[Scraped caption text data]
++++
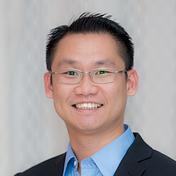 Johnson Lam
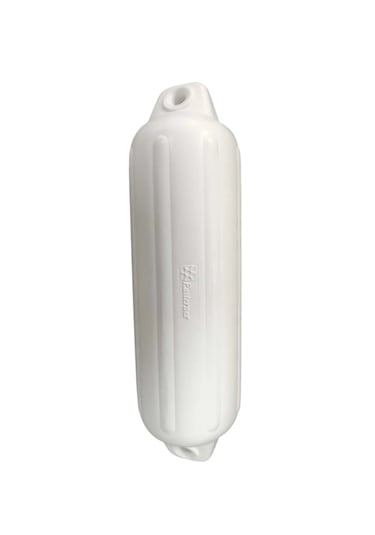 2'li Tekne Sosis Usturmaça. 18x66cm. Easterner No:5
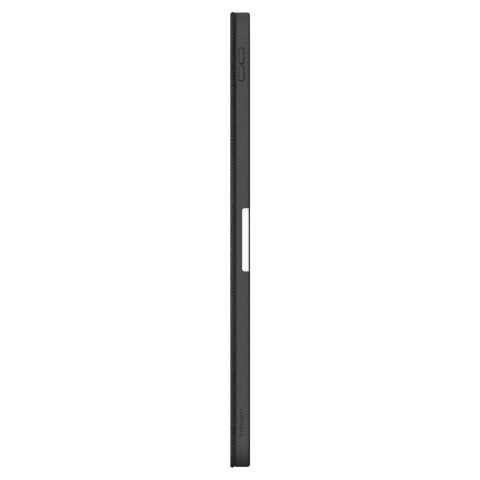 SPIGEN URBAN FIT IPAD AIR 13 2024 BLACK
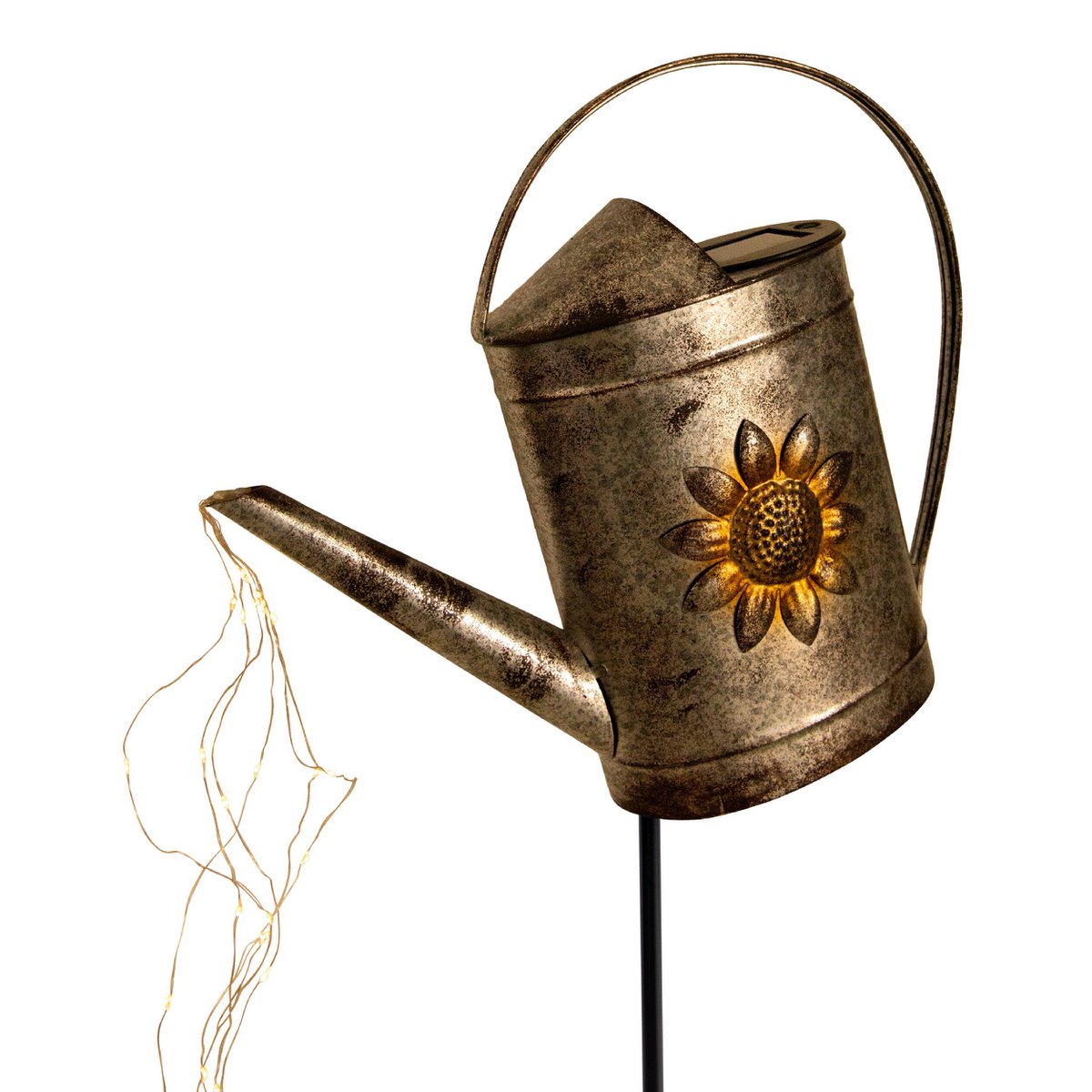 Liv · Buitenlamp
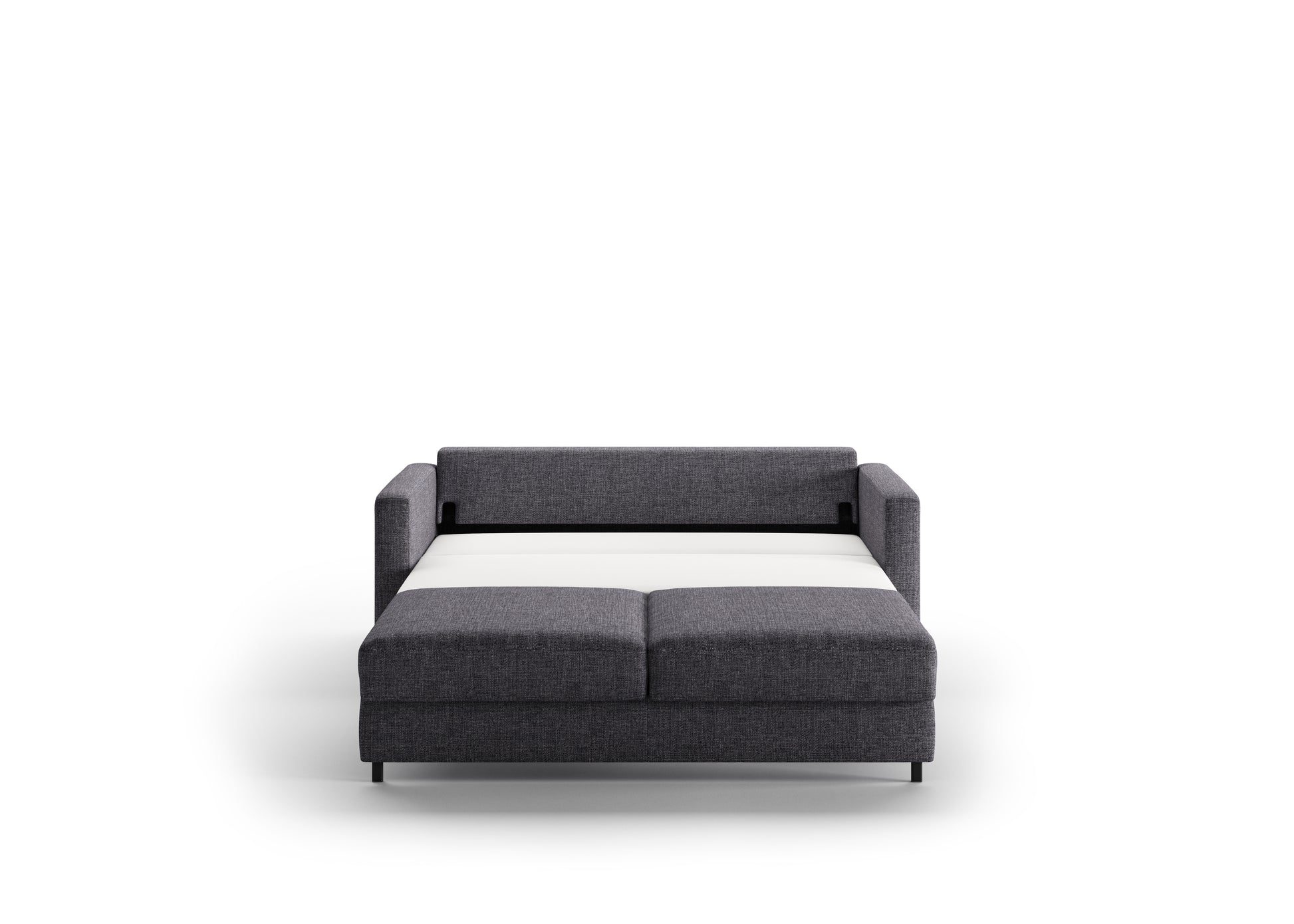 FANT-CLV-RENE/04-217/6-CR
++++
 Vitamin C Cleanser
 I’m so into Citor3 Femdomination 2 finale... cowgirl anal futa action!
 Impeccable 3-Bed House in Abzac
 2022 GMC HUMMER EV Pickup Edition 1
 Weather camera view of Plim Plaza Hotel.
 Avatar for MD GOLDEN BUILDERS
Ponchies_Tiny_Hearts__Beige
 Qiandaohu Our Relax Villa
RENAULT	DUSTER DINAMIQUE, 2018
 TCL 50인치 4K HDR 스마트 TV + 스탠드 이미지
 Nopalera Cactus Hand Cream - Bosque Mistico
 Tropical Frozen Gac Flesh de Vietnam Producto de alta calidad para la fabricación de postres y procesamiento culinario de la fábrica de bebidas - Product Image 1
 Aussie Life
++++
_Directions_. Above are the records. Print exactly, and only, the lines from the line with "Impeccable 3-Bed House in Abzac" to the line with "Aussie Life", both inclusive.

_Answer below_.
 Impeccable 3-Bed House in Abzac
 2022 GMC HUMMER EV Pickup Edition 1
 Weather camera view of Plim Plaza Hotel.
 Avatar for MD GOLDEN BUILDERS
Ponchies_Tiny_Hearts__Beige
 Qiandaohu Our Relax Villa
RENAULT	DUSTER DINAMIQUE, 2018
 TCL 50인치 4K HDR 스마트 TV + 스탠드 이미지
 Nopalera Cactus Hand Cream - Bosque Mistico
 Tropical Frozen Gac Flesh de Vietnam Producto de alta calidad para la fabricación de postres y procesamiento culinario de la fábrica de bebidas - Product Image 1
 Aussie Life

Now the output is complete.